LLM-driven agents often behave intelligently within a single run, but real systems rarely stop there. If an agent is restarted, upgraded, or run on a schedule, it needs a way to carry forward what it has already learned or decided. This lesson exists to orient us to how memory can outlive a single execution, so LLM-guided behavior remains continuous rather than reset each time the program starts.

Short-term context versus long-term memory

Not all information used by an LLM should be treated the same way. Some data exists only to support the current interaction, while other data should influence behavior across sessions.

Short-term context includes things like the most recent user input or the current step in a workflow. Long-term memory includes durable facts, past decisions, or accumulated results that should still matter tomorrow. Recognizing this distinction helps us avoid persisting everything and focus only on what truly needs to survive a restart.

Choosing what to persist

Persisted memory should serve a clear purpose. It should either help the LLM make better decisions in the future or allow the program to resume meaningful work.

Examples include prior task outcomes, known user preferences, or summaries of completed work.
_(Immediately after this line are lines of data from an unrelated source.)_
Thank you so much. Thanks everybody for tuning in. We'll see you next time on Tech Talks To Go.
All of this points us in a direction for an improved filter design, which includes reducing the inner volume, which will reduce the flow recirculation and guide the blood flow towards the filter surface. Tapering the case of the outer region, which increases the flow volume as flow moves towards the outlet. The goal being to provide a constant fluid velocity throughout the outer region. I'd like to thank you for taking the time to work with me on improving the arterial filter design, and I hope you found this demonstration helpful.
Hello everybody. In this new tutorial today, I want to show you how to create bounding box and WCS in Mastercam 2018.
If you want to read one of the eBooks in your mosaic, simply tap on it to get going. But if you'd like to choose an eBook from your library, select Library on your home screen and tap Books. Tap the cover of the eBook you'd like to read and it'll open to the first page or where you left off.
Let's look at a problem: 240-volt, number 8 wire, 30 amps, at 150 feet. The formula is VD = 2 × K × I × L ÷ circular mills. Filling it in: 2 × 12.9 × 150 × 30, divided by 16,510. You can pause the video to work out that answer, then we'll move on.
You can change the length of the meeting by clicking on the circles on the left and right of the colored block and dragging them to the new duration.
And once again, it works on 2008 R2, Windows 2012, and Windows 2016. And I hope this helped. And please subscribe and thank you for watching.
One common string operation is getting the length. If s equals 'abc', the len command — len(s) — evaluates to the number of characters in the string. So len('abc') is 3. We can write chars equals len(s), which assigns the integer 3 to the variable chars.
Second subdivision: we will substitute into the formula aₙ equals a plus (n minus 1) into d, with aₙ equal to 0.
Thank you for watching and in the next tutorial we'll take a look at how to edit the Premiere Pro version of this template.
Transient prompts, raw conversation text, or intermediate reasoning usually do not belong here. The goal is to preserve signal, not noise.

Saving memory to disk

Once memory is identified, it needs to be written somewhere durable. In practice, this often means serializing a small Python data structure to a file.
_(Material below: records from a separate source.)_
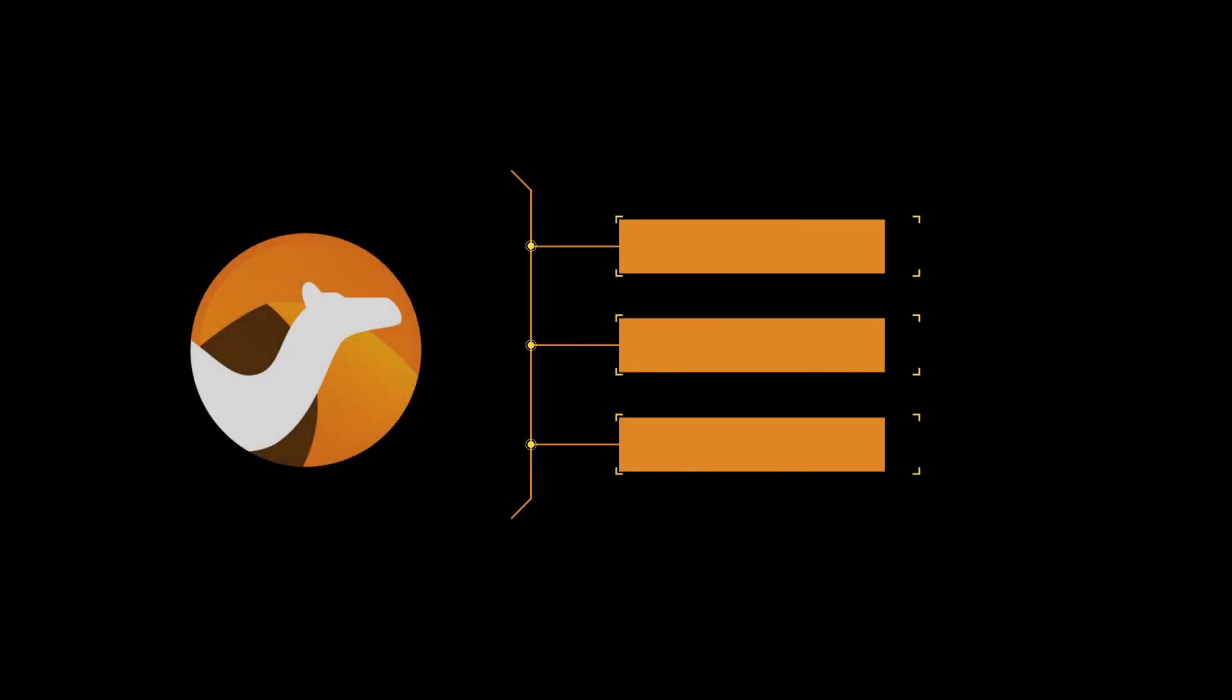In summary, I have shown you how to feed existing OpenAPI spec to CamelK, link it to a Camel route, and deploy it as a working RESTful endpoint without much coding.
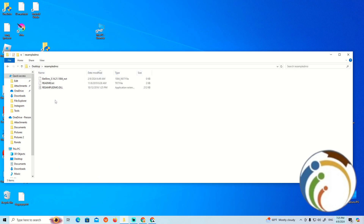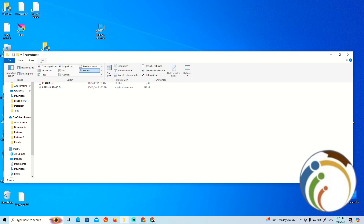Click on the folder you want to set as default. Then click on View up here, and click on Options on the right.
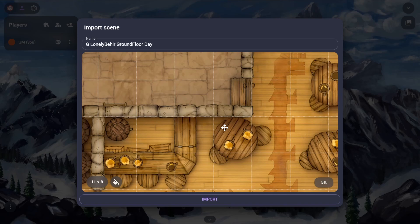Scenes are an infinite canvas for you to place images, drawings, fog, and more. Scenes are the base building block that you'll share with your players, so let's go over some examples of what you might use a scene for.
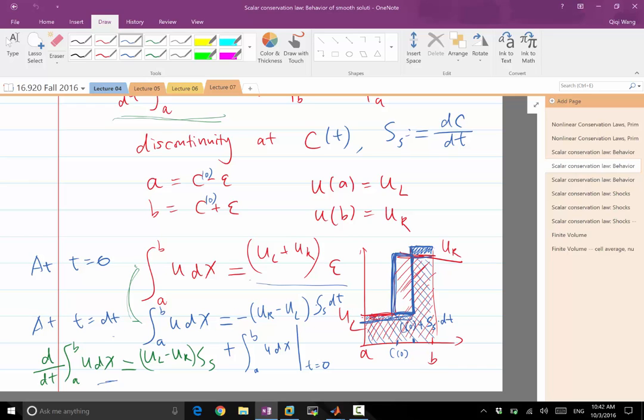That is why the contribution of this changing UL and UR to the whole, to the difference is on the order of DT squared. And here to the derivative is on the order of DT. So when you choose DT to be small enough, this contribution can be safely ignored.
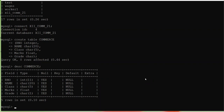INSERT INTO is a DML command used to insert records into a table. The syntax is: INSERT INTO table_name VALUES, followed by an opening bracket. Table name is 'commerce'. You must maintain the order of fields while entering values — the order is roll number, name, class, marks, grade.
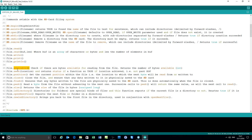The available function returns the number of bytes available for reading. Seek goes to a particular record number in the file and returns true if found - so if you had 10 records and called file.seek(11) that returns false, but file.seek(10) returns true. Position returns the current file pointer location - so if you had 10 records and read five, the pointer would be at position six. Close ensures data is written to the SD card, and flush similarly commits data without closing.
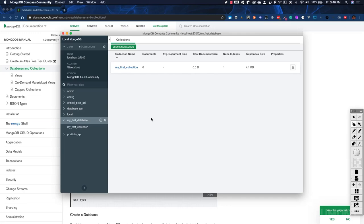With a basic understanding of documents and how documents are really JSON, or JavaScript Object Notation, that they hold key-value pairs — that's how we manage the data within a document.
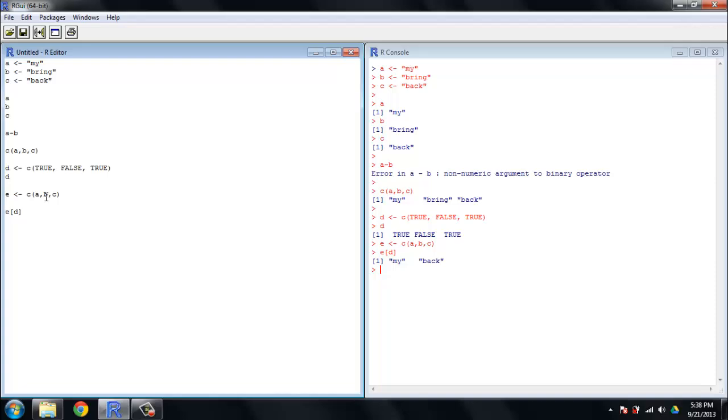True is the first value in D, and so the first value in A, it gets returned, true. False is the second value in D, so we don't return that second value in E, and the third value in D is true, so we get back. So you can use that to take just pieces and parts of other vectors or other larger data structures, choose the things you want, leave the things you don't. That's a very frequent use of logical vectors.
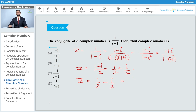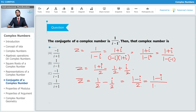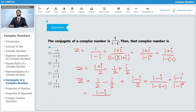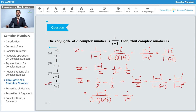Looking at the options, they are given in terms of i plus 1 or i minus 1 in the denominator. So we rewrite z bar as 1 minus i divided by 1 minus minus 1, which is 1 minus i times 1 plus i, giving z bar equal to 1 divided by 1 plus i. Therefore option D is the correct answer.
For simple agents, JSON is a common choice because it is readable and maps cleanly to dictionaries and lists. The important point is that memory is saved explicitly, rather than relying on the LLM to “remember” across runs.

import json

memory = {
    "completed_pages": ["mars.html", "jupiter.html"],
    "last_run": "2026-01-14"
}

with open("agent_memory.json", "w") as f:
    json.dump(memory, f)

Restoring memory at startup

Persisted memory is only useful if it is loaded again when the program starts. This typically happens early in execution, before the first LLM call is made.

Restored memory becomes part of the agent’s initial state and can be supplied as context to the model. From the LLM’s perspective, this makes the new run feel like a continuation rather than a fresh start.

import json

with open("agent_memory.json", "r") as f:
    memory = json.load(f)

Continuing behavior across sessions

When memory is restored and included in model input, the agent can pick up where it left off. Decisions can account for past outcomes, and repeated work can be avoided.
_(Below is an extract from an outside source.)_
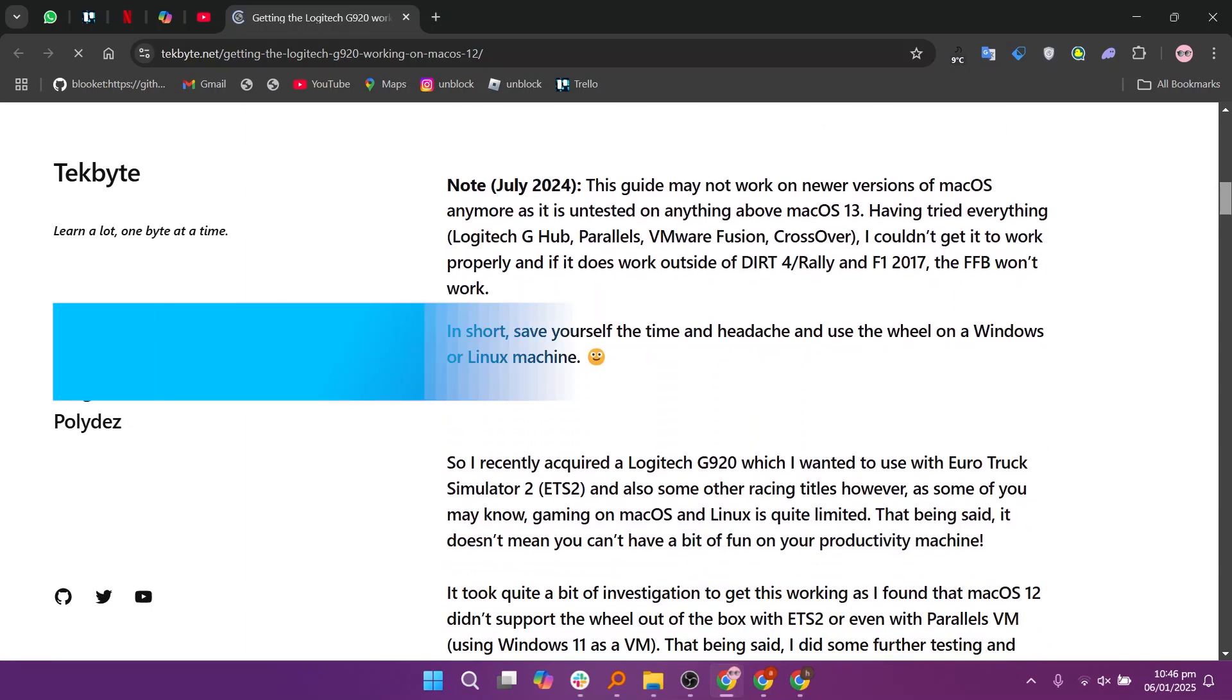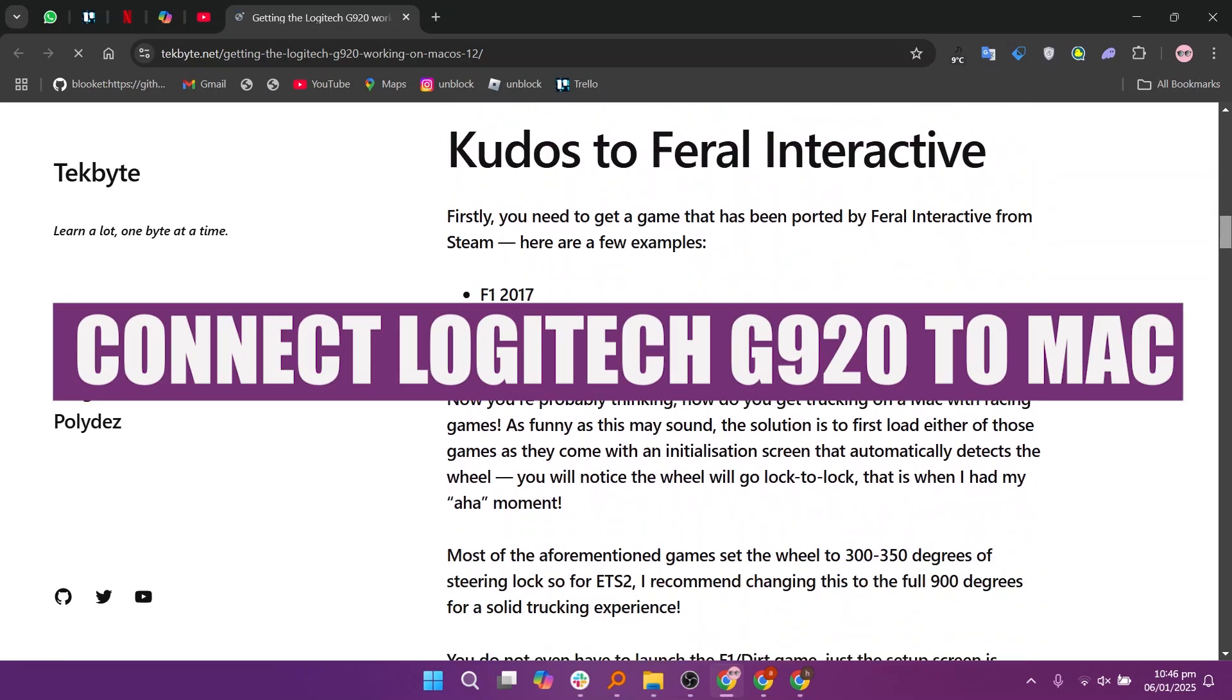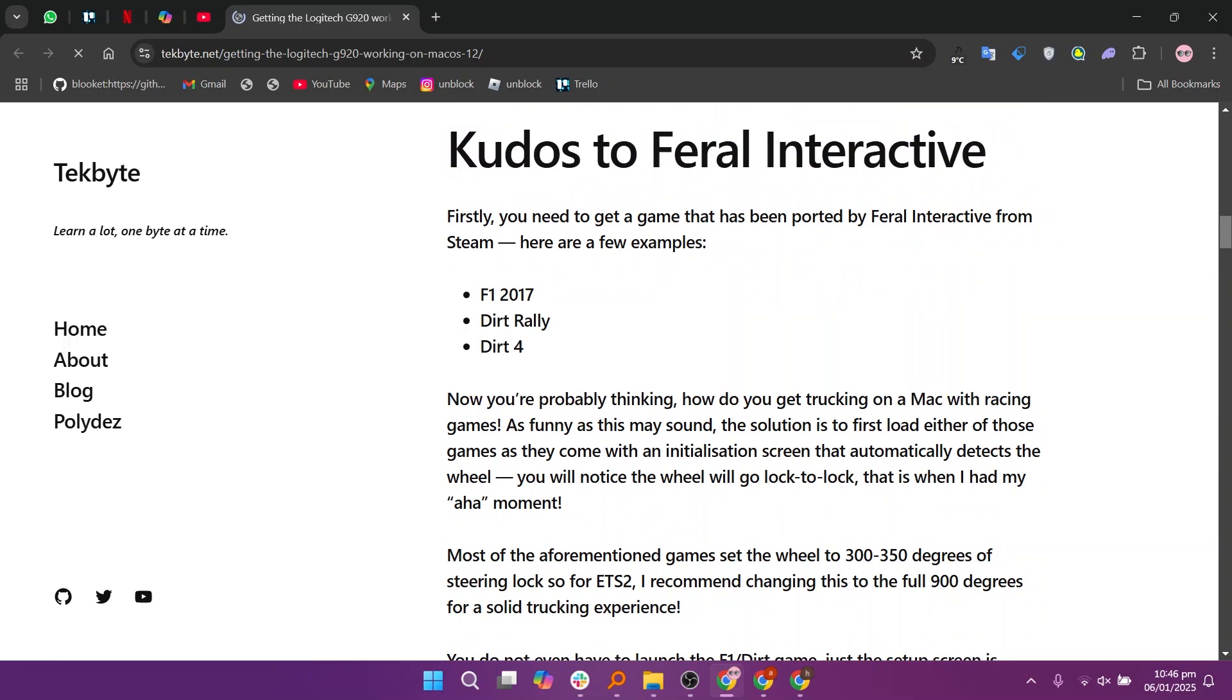Hey everyone, in this video we will learn how to connect a Logitech G920 to a Mac. This guide may not work on newer versions of MacOS anymore as it is untested on anything above MacOS 13.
At this point, the LLM is no longer reacting only to the current prompt. It is reasoning with a history that the program has deliberately preserved. This is the foundation for agents that feel persistent, intentional, and cumulative rather than stateless.

Conclusion

We now know how LLM-driven agents can distinguish fleeting context from durable memory, choose what is worth keeping, and persist that information across program runs. With memory saved and restored explicitly, an agent’s behavior can remain coherent over time, even as the program itself stops and starts.